Comments on websites, Twitter and RSS
Websites that deserve one's periodic attention might include those that report data the financial community lives for. The Federal Reserve is the home of the FOMC statement, under News and Events, that answers the question of will the FOMC raise the federal discount rate or not. The Bureau of Labor Statistics issues the several unemployment statistics. The Conference Board publishes the Leading Economic Indicator, a composite predictive measure of future economic activity. Similarly, actions of the European Central Bank and the International Monetary Fund attract the attention of financial community pundits.
There are many business news and investment websites to choose from. Wading through all of the sites and material is time-consuming at best and a time-waster at worst. Information overload fries my synapses. I find a more efficient way to use my time is to follow those potentially interesting websites and persons in the investing and finance community via their respective Twitter accounts. If the short message grabs my attention, clicking on the link takes me directly to the story.
Some websites offer RSS (really simple syndication) feeds. It is much quicker to review news stories with a newsreader than visiting multiple websites one after the other. I like Feedly, also available as a mobile app, but there are a number of other newsreaders to choose from.
Investing message boards
Message boards and stock forums, providing gathering places for investors to discuss investments et al of common interest, populate the web. Rather than operate as a message board unto itself, The Lion aggregates and indexes message headers, with links, gathered from blogs and forums on numerous (obviously not all) websites. It can be a significant help in looking for investor comments on lesser-traded stocks. I like it, but it is important to engage one's common sense filter.
- Bogelheads includes both an information wiki and forums, best explained on its About page. My perception is that Bogleheads' forums focus more on investment instrument choices and retirement strategies rather than specific stock discussions of interest to active day and swing traders.

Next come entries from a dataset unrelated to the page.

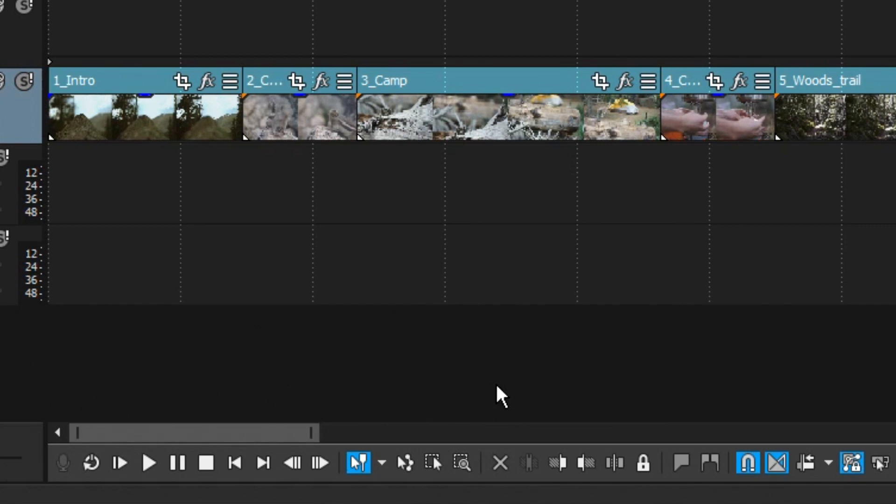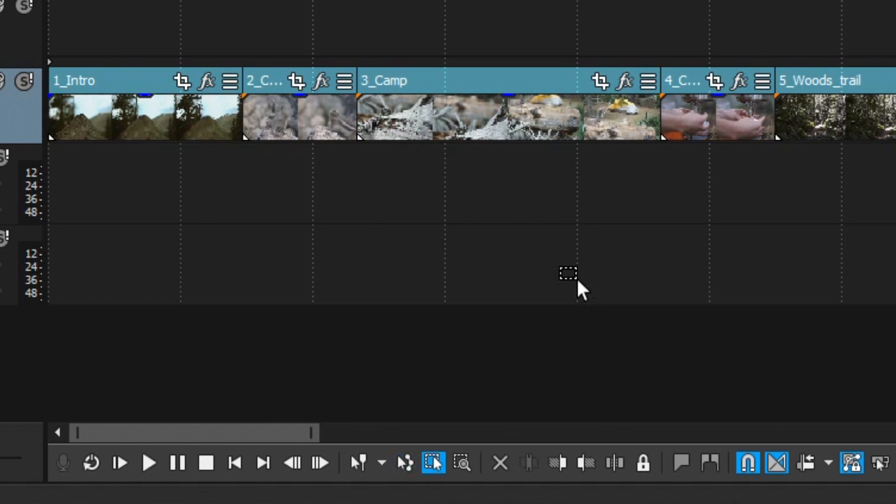To quickly change editing tools, press D on your keyboard. This moves you to the next editing tool. Press D again. Each time you press D, you move to the next tool.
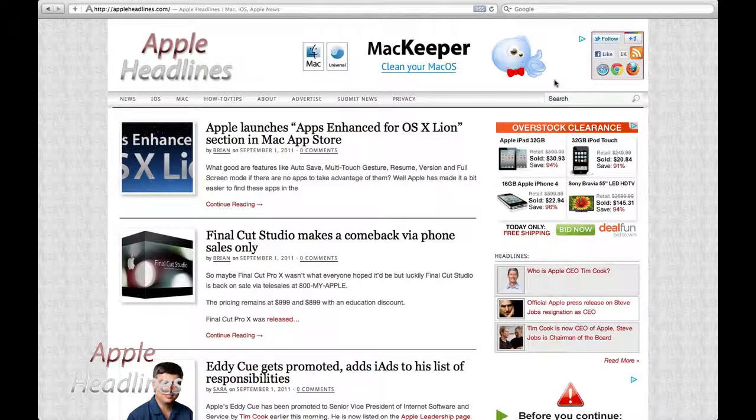Hey guys, this is Brian with Apple Headlines. I'm going to show you an easy way that the new Safari blocks cookies from third parties and advertisers.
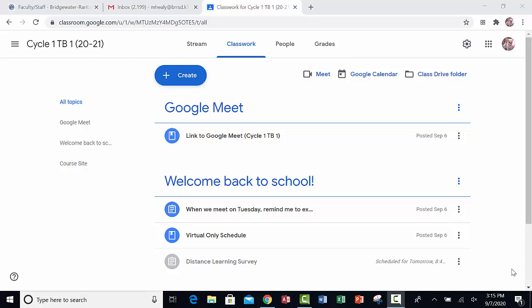In this tutorial, I'll show you how to make a Google Form for multiple choice questions. To make a Google Form, you need to go to your Google Drive.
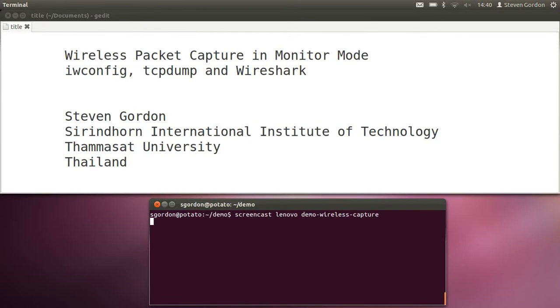In this demo I'll show how we can capture packets by turning your wireless LAN interface on the laptop into a monitor mode, and then we'll use tcpdump to capture packets that are sent by devices nearby.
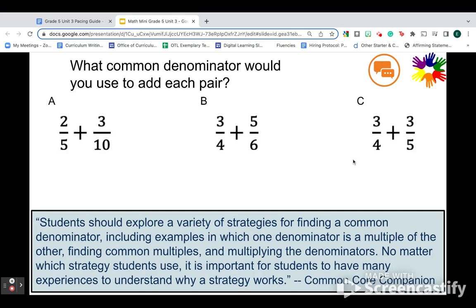Sure, we could always just multiply our denominators together to get our common denominator, but it's helpful and meaningful and mentally engaging to think about times when you don't have to do that, to compare and contrast these different problems and how you would solve them. Be mindful about the problems that you're giving students.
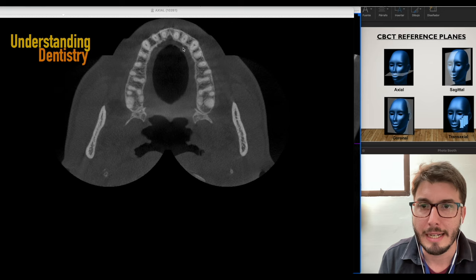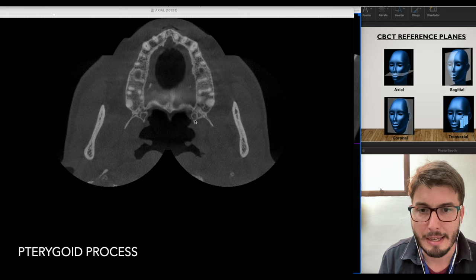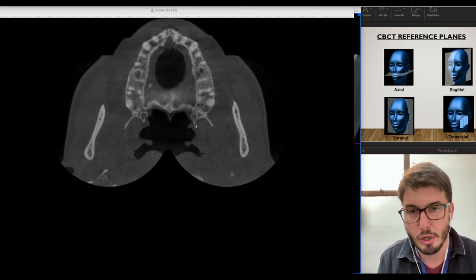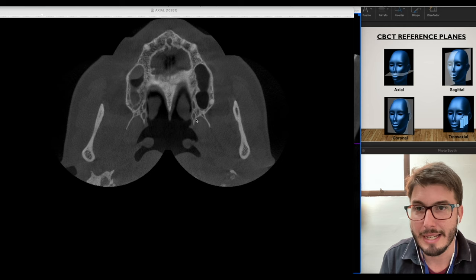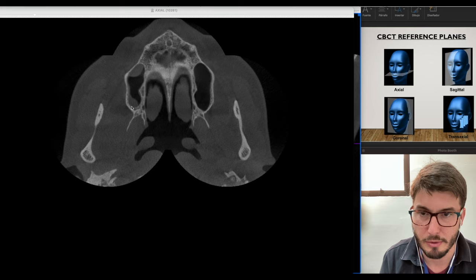After the tuberosity of the maxilla, we are seeing the lateral plate of the pterygoid process and the medial plate of the pterygoid process. The pterygoid process belongs to the sphenoid bone, and the medial plate has the hook-shaped structure which is the pterygoid hamulus. Continuing upwards, we're now seeing the maxillary sinus, the nasal cavity, and the nasal conchae. I'm already seeing some hyperdensities in the maxillary sinus — sinus opacification — which we'll check in the other planes.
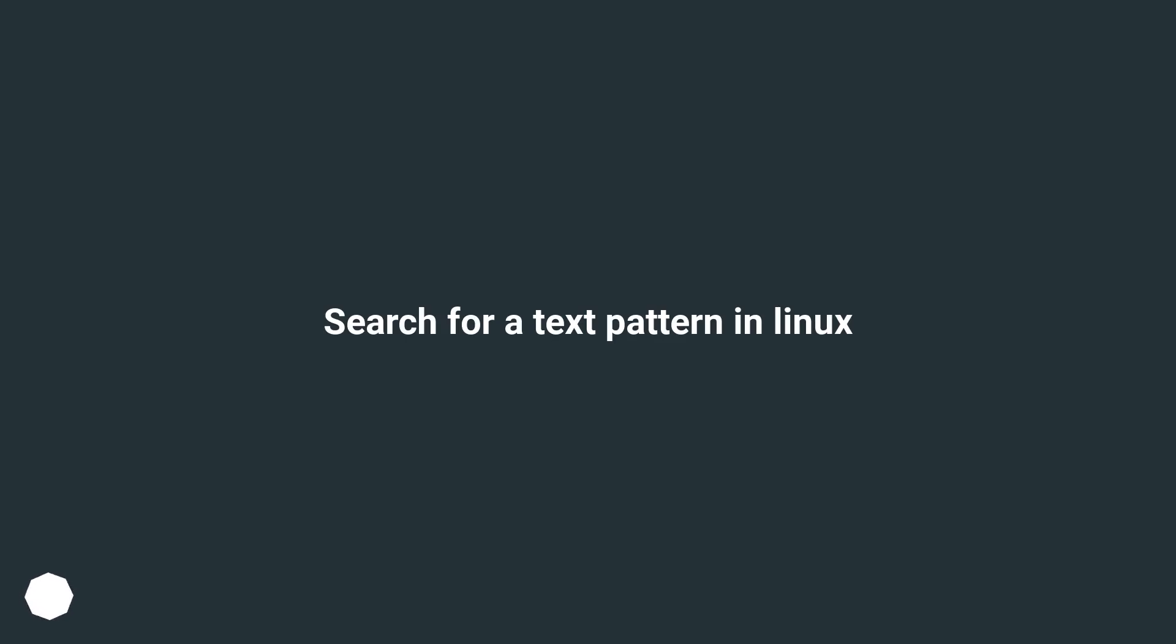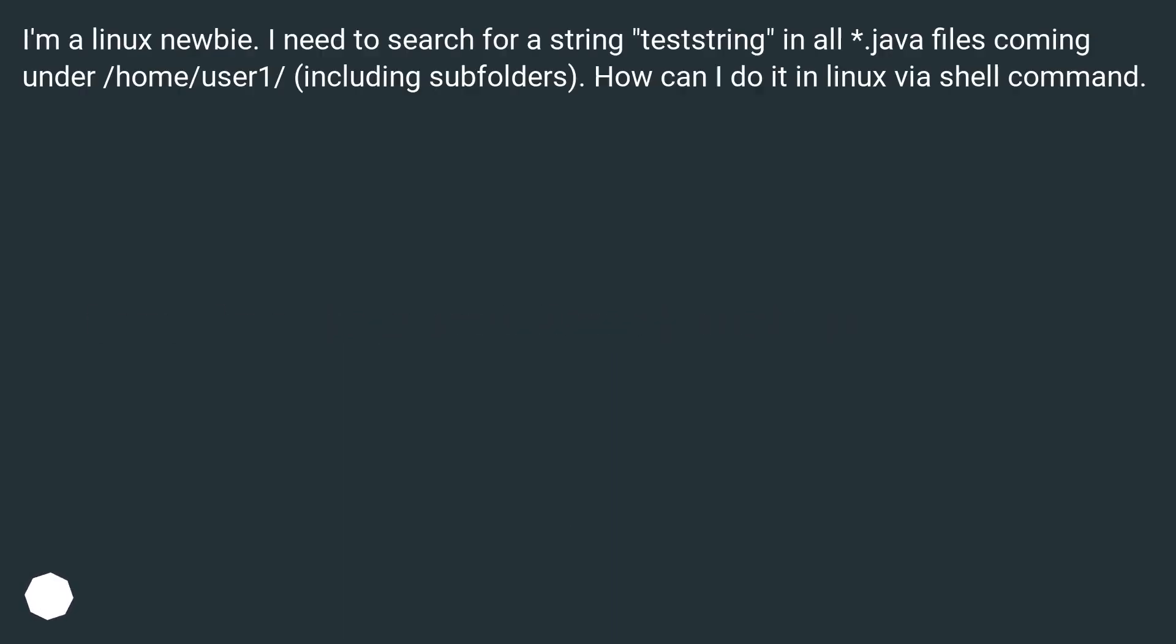Search for a text pattern in Linux. I'm a Linux newbie. I need to search for a string teststring in all Java files coming under /home/user1/, including subfolders. How can I do it in Linux via shell command?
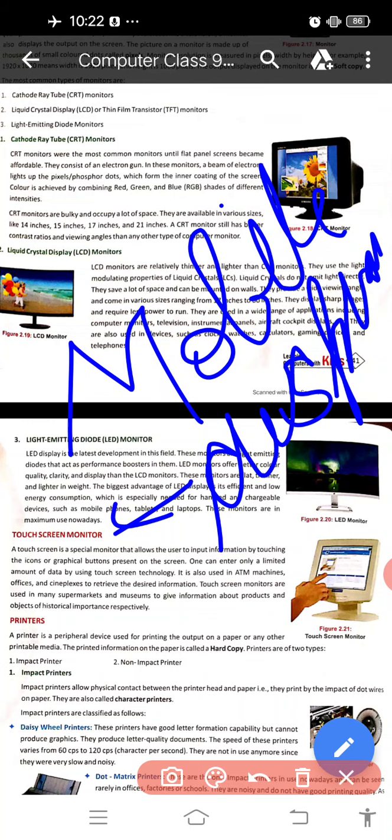Mobile displays, iPads, and laptops are also available as output display devices.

- The Bull Market Board offers forums, most of which are focused on stocks, markets and other investments. The threads on stocks and forex seem to be most active. The Politics Discussion forum is particularly fun as the left and right, conservatives and liberals, tweak each in civil discourse. Have a read.
For any board, if you are visiting or posting a message for the first time, look through the message headers to see if the topic already exists or if your question has been asked and answered. I suggest you also look af the posting dates. Unfortunately message threads live forever. If the last post is more than a few weeks or months old, you may want to start a new thread.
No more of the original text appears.